30. L’État partie devrait :

a) Entamer le processus de consultation et de prise de décisions en vue de la révision du Code pénal ;

b) Adopter une disposition interdisant la torture qui soit conforme à l’article 7 du Pacte et aux normes reconnues au plan international, notamment supprimer toute prescription des poursuites pour ce type d’infraction ;

c) Faire le nécessaire pour mettre en place un mécanisme indépendant qui fasse partie de l’appareil judiciaire ordinaire mais n’ait aucun lien avec la police, et qui soit habilité à enquêter sur les allégations de torture et de mauvais traitements ;

d) Faire en sorte que la législation comporte des dispositions permettant de poursuivre et de traduire devant les juridictions pénales ordinaires les auteurs d’actes de ce type et les individus qui en sont complices, et de condamner les intéressés à des peines proportionnées à la gravité de leurs actes, et qu’elle offre des recours aux victimes et à leur famille leur permettant notamment d’obtenir des moyens de réadaptation et une indemnisation.

Protection contre l’expulsion arbitraire

31.Le Comité est conscient des pressions auxquelles est soumis l’État partie du fait d’une immigration importante par rapport à sa taille, et se félicite de l’introduction de mesures visant à favoriser l’intégration des ressortissants étrangers, mais il reste préoccupé par le fait que les personnes qui dépendent de prestations sociales d’un montant dépassant un certain niveau risquent de voir leur permis de séjour annulé à moins qu’elles ne résident dans l’État partie de manière ininterrompue depuis quinze ans ou davantage (art. 13 et 26).

32. L’État partie devrait prendre les mesures nécessaires pour garantir que les dispositions permettant de retirer le permis de séjour aux personnes qui dépendent de prestations sociales et qui vivent dans l’État partie depuis moins de quinze ans ne touchent pas injustement les personnes qui sont véritablement dans le besoin ou ne mettent pas les personnes vulnérables dans une situation encore plus précaire.

D.Diffusion et suivi

33.L’État partie devrait diffuser largement le texte du Pacte, des deux Protocoles facultatifs s’y rapportant, de son deuxième rapport périodique, des réponses écrites à la liste des points à traiter établie par le Comité et des présentes observations finales auprès des autorités judiciaires, législatives et administratives, de la société civile et des organisations non gouvernementales présentes dans le pays, ainsi qu’auprès du grand public afin de les sensibiliser aux droits consacrés par le Pacte.
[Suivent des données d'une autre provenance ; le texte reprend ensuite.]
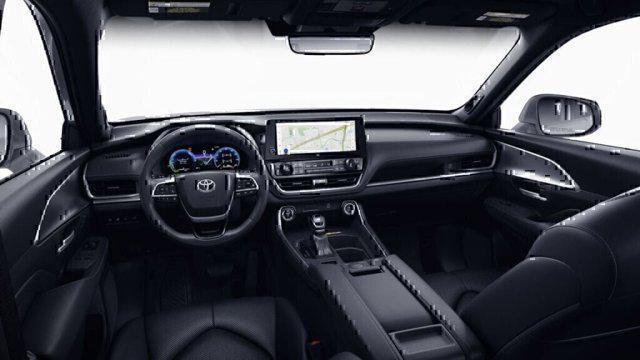 new 2026 Toyota Grand Highlander car, priced at $61,681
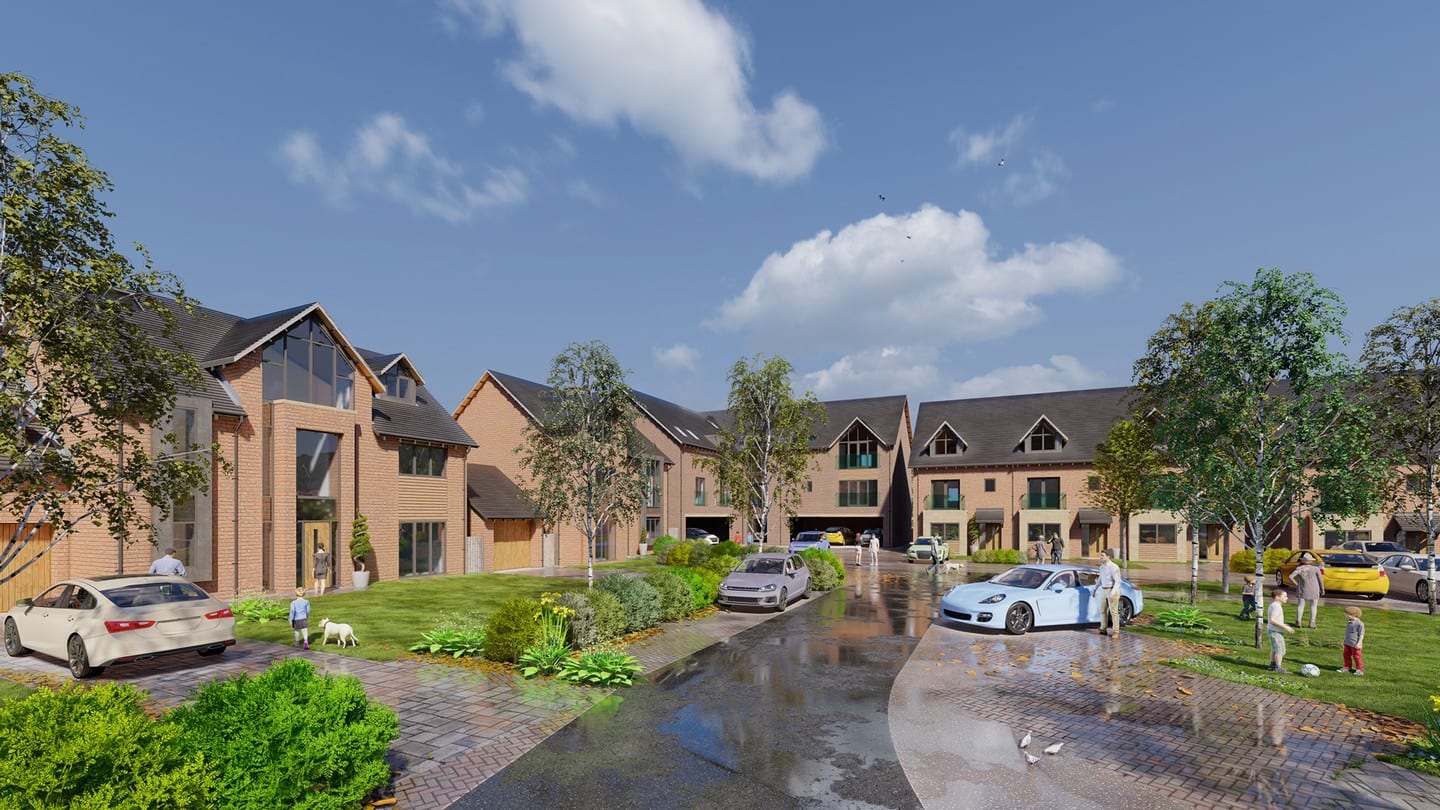 SYCAMORE SQUARE BRINGING LUXURY NEW HOMES TO FORMER SANDERSON HOSPITAL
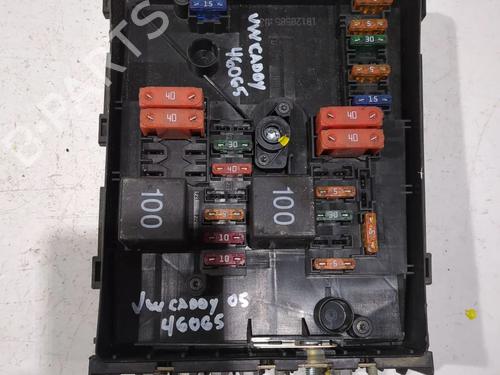 Used Fuse box VW CADDY III MPV (2KB, 2KJ, 2CB, 2CJ) 2.0 SDI (70 hp) 23927369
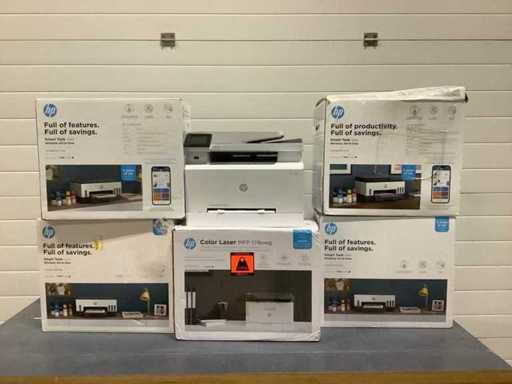Diverse imprimante HP (6x)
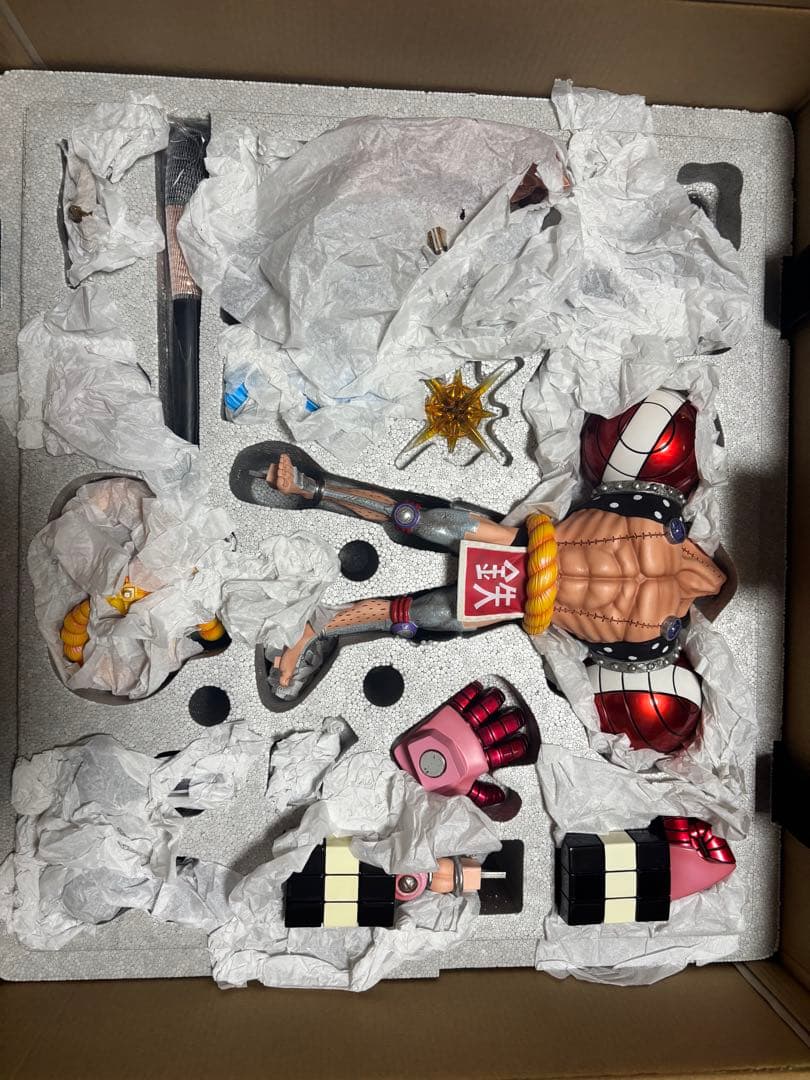 XYZ様専用 ワンピース フランキー フィギュア ガレージキット LX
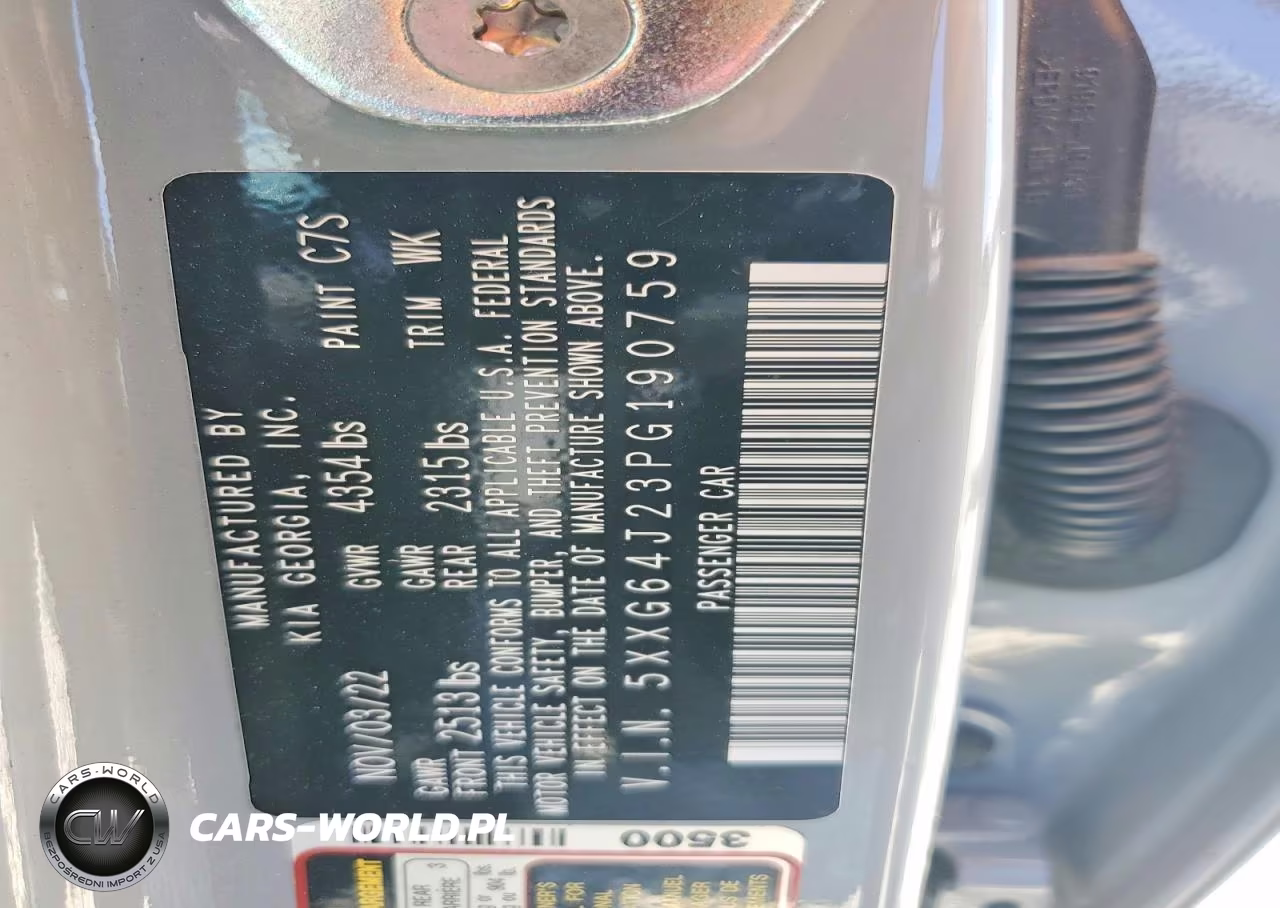 2023 Kia K5 Gt Line VIN:5XXG64J23PG190759 - 13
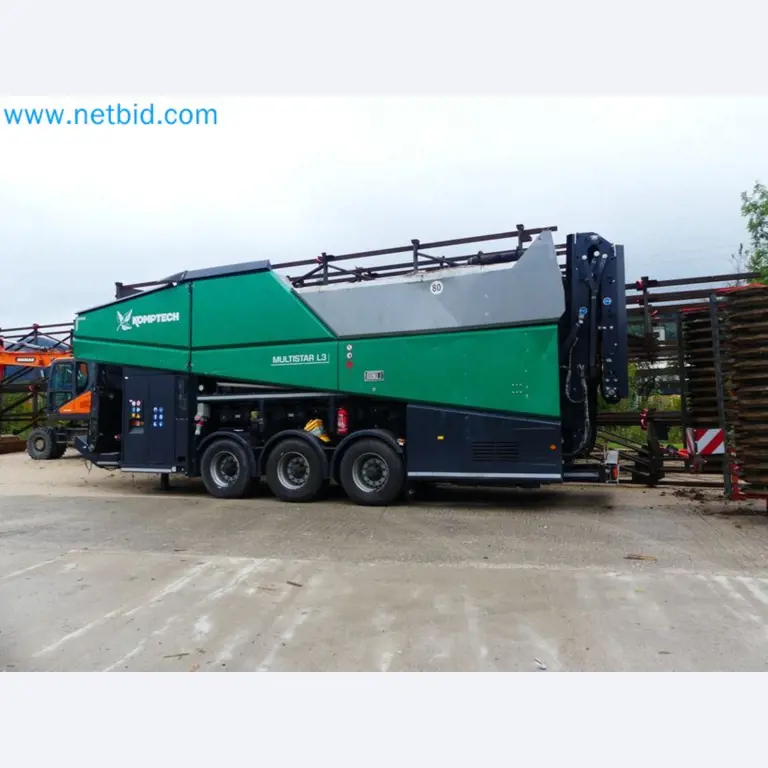 Fahrzeuge und Maschinen für die Bereiche Umwelttechnik, Recyclingwirtschaft, Holz, u.a.-2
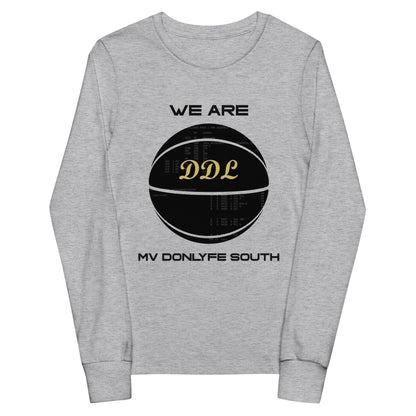 Performance | Youth Long Sleeve T-Shirt | Official DDL Merchandise | Emblem Logo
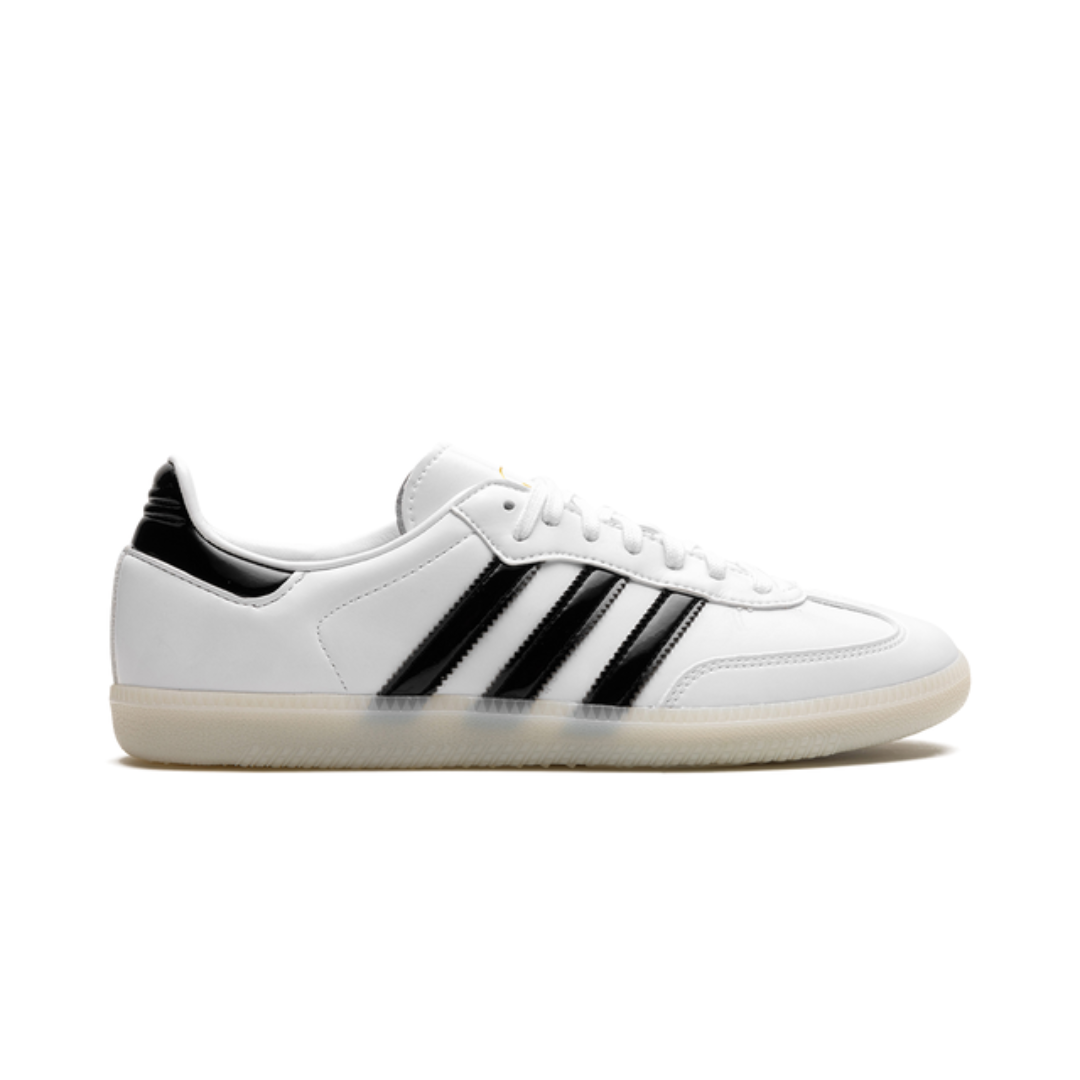 Adidas Samba White Patent Leather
L’État partie devrait faire en sorte que le rapport et les présentes observations finales soient traduits dans sa langue officielle.

34.Conformément au paragraphe 5 de l’article 71 du Règlement intérieur du Comité, l’État partie est invité à faire parvenir, dans un délai d’un an à compter de l’adoption des présentes observations finales, des renseignements sur la suite qu’il aura donnée aux recommandations formulées aux paragraphes 12 (législation contre la discrimination), 22 (droits en matière de sexualité et de reproduction) et 30 (interdiction de la torture).

35.Le Comité demande à l’État partie de lui soumettre son prochain rapport périodique le 28 juillet 2023 au plus tard et d’y faire figurer des renseignements sur la suite qu’il aura donnée aux autres recommandations formulées dans les présentes observations finales. Le Comité demande également à l’État partie, lorsqu’il élaborera ce rapport, de tenir de vastes consultations avec la société civile et les organisations non gouvernementales présentes dans le pays, ainsi que les groupes minoritaires ou marginalisés. Conformément à la résolution 68/268 de l’Assemblée générale, ce document ne devra pas compter plus de 21 200 mots. L’État partie peut aussi, le cas échéant, et compte tenu de ce qu’il s’est déclaré en faveur de la procédure simplifiée, indiquer au Comité, dans un délai d’un an, qu’il accepte d’établir son rapport en suivant cette procédure. En pareil cas, le Comité transmet une liste de points à l’État partie avant que celui-ci ne soumette son rapport. Les réponses à cette liste constitueront le rapport périodique suivant à soumettre par l’État partie en application de l’article 40 du Pacte.